Sebbene i risultati che la IeFP gestita dagli Enti del Privato sociale siano estremamente lusinghieri per ciò che riguarda l’occupazione giovanile (secondo i più recenti Rapporti ISFOL e INAPP), tuttavia la IeFP langue in molte Regioni, se non ha addirittura cessato di esistere come componente autonoma del sistema nazionale di istruzione: “L’offerta formativa regionale ha promosso – afferma la Conferenza delle Regioni – la IeFP presso gli Istituti professionali, anche a partire dalla considerazione del fatto che tali percorsi sono sostanzialmente a carico del bilancio statale, mentre i percorsi di IeFP presso le istituzioni formative gravano su quello regionale. (Conferenza delle Regioni e delle Province Autonome, per un Sistema Educativo Professionalizzante in Italia, Appendice, Documento di Analisi, 27 novembre 2014)”. 

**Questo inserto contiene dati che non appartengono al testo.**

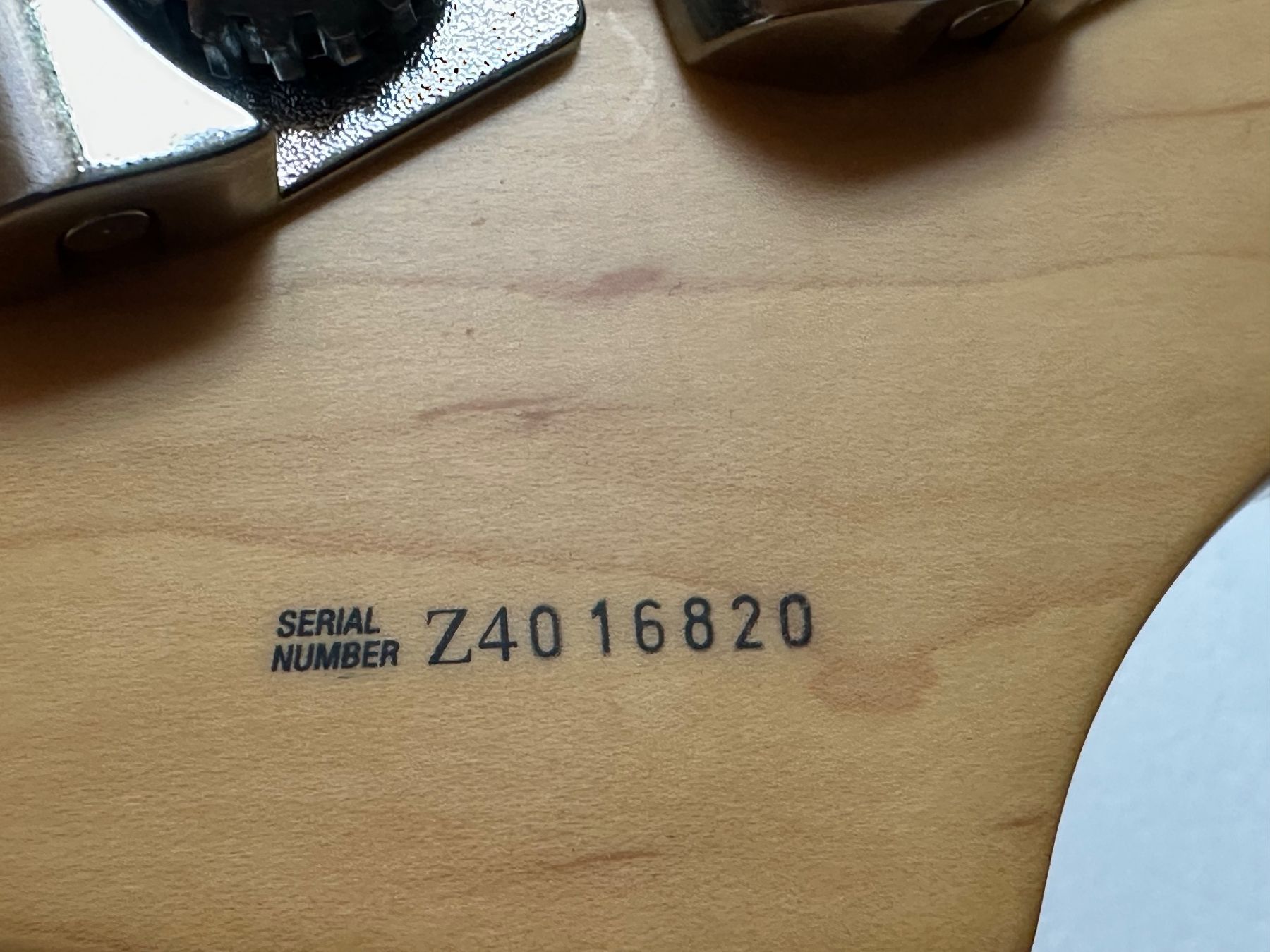 Fender Strumenti musicali: Fender Precision Bass, US-Made 2004, mit Original Case – Usato da Trübbach venduto da iwy_b65f 5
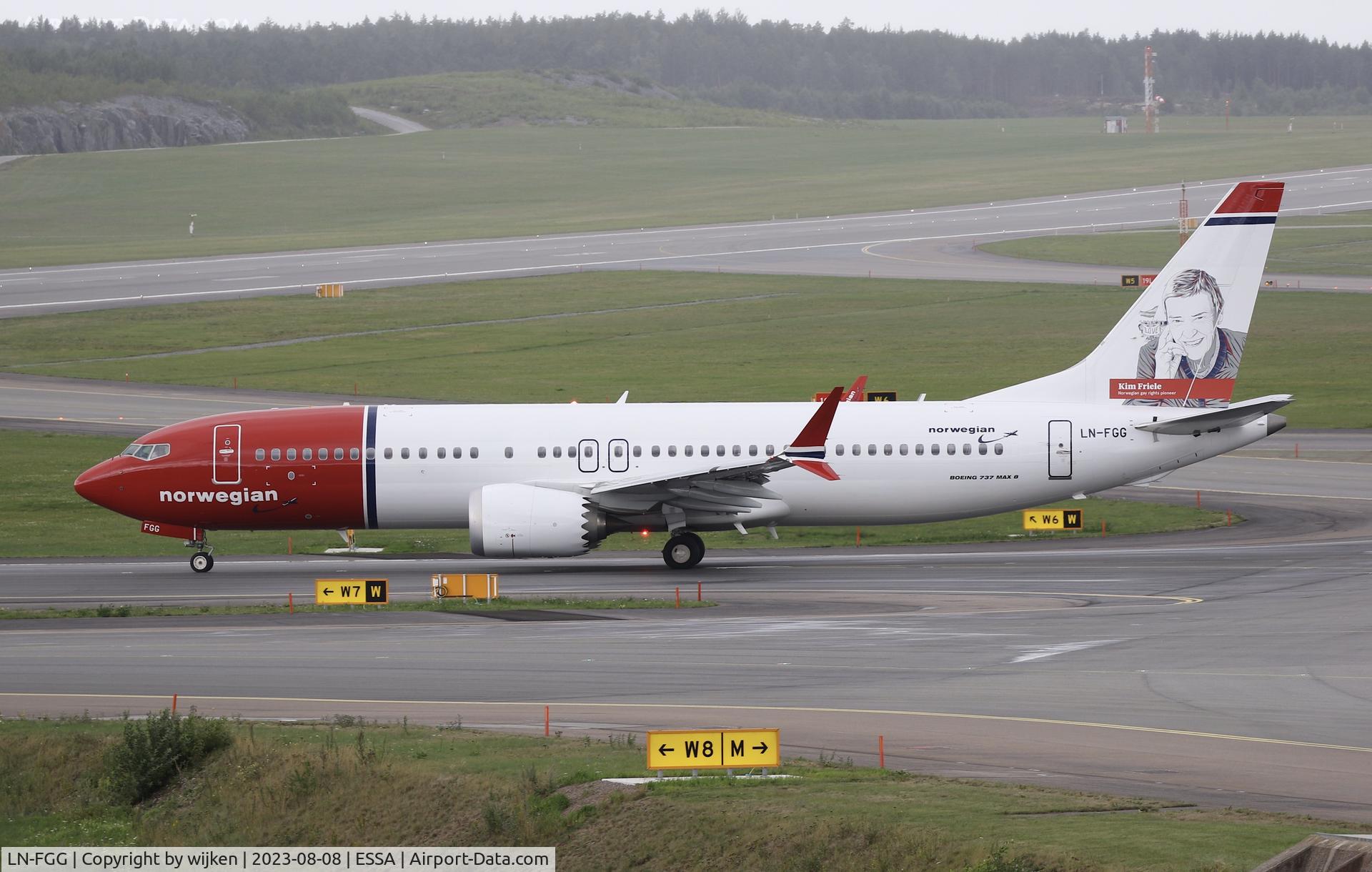LN-FGG, 2021 Boeing 737-8 MAX C/N 43343, TWY W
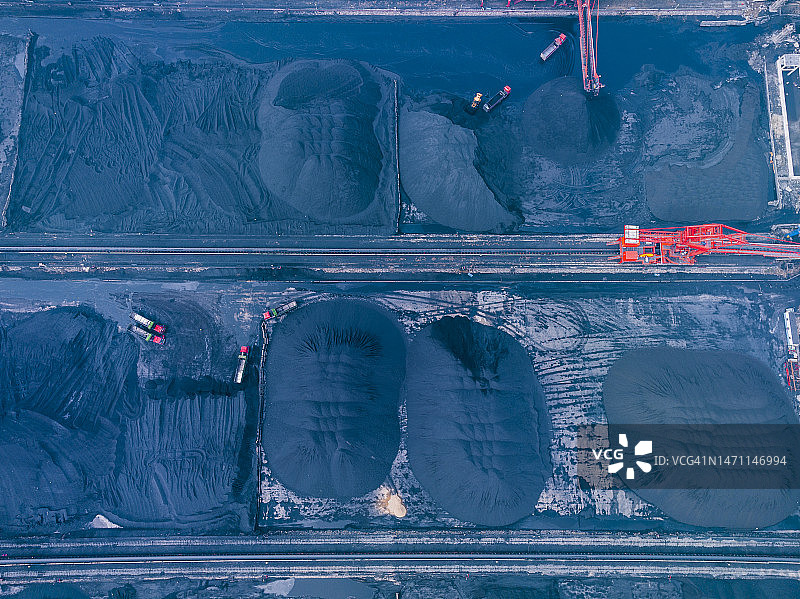 煤炭储存场推土机鸟瞰图图片素材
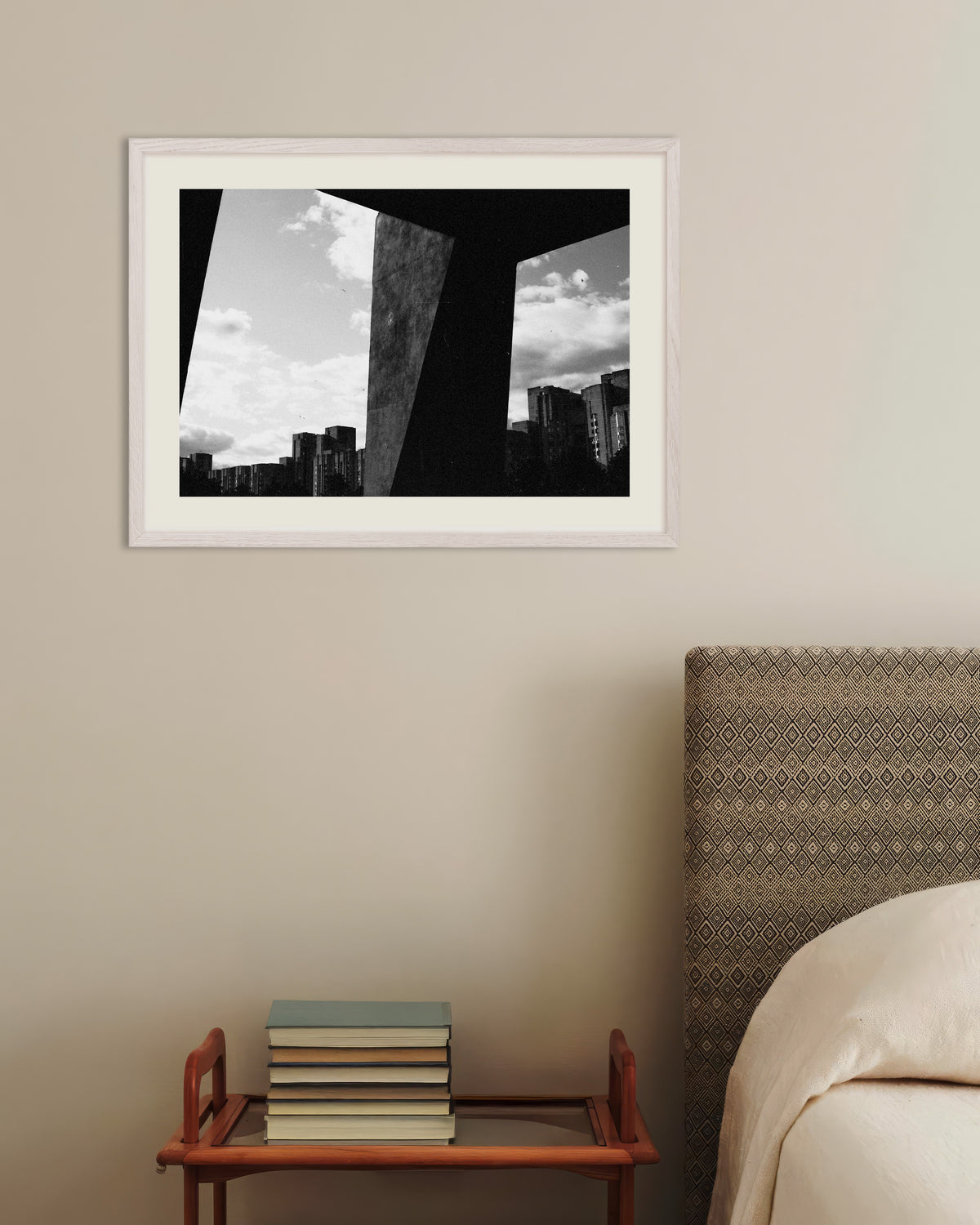 Poster «Cidade vista entre pilares de betão», com moldura de madeira branca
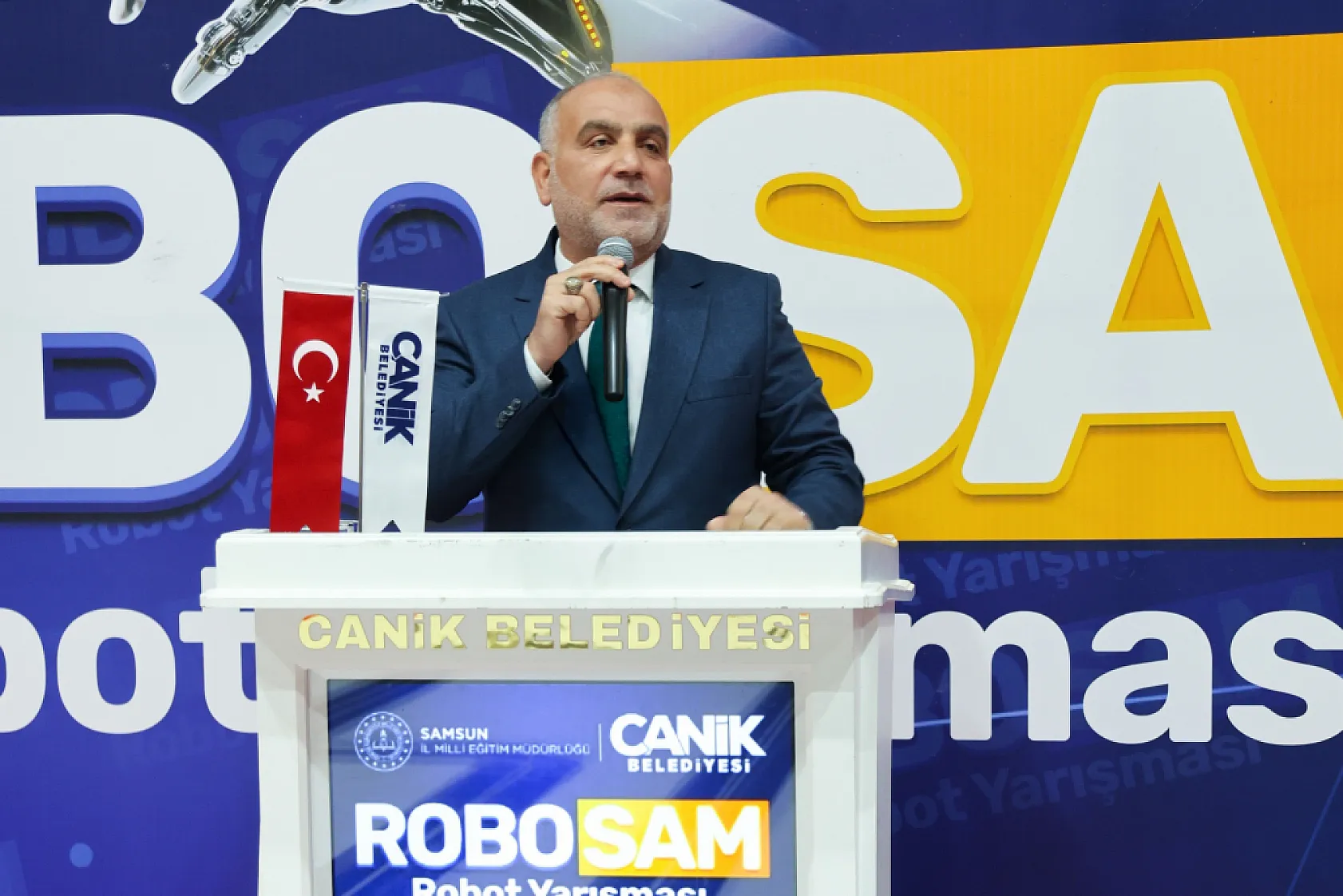 Canik'te robot heyecanı: Gençler projelerini ilk kez sahneye çıkaracak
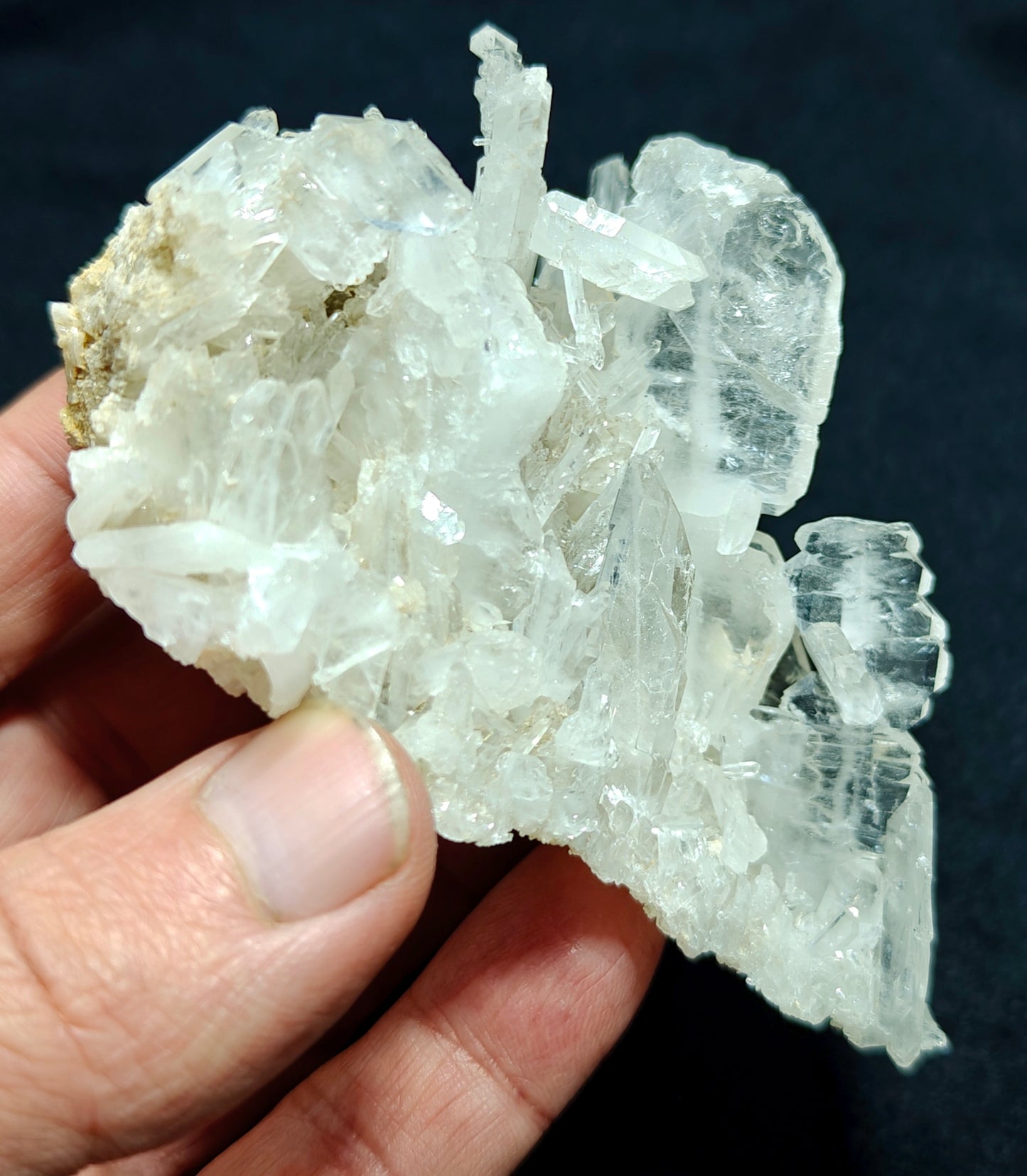 Single beautiful aesthetic Faden Quartz Crystal Specimen 172 grams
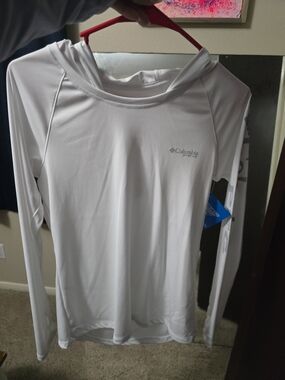 Columbia Women's White Long-Sleeve Hooded Performance Tee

La decisa posizione, espressa circa dieci anni addietro, sembra ancora più attuale se la si legge alla luce del capitolo che riguarda il finanziamento delle nuove moltiplicate funzioni che le Regioni richiedono. L’intesa tra lo Stato e le Regioni, prevista dal DDL del 15 marzo, dovrà definire le modalità del finanziamento delle accresciute funzioni anche attraverso la compartecipazione al gettito di parte dei tributi erariali maturati nel territorio regionale. Più saranno le funzioni attribuite, più saranno le risorse che lo Stato dovrà lasciare sul territorio regionale. Se il percorso sarà questo, allora l’aggettivo “differenziata” è davvero appropriato e l’esperienza negativa in cui è stata scaraventata l’IeFP sarà il cammino comune che ogni Regione dovrà affrontare.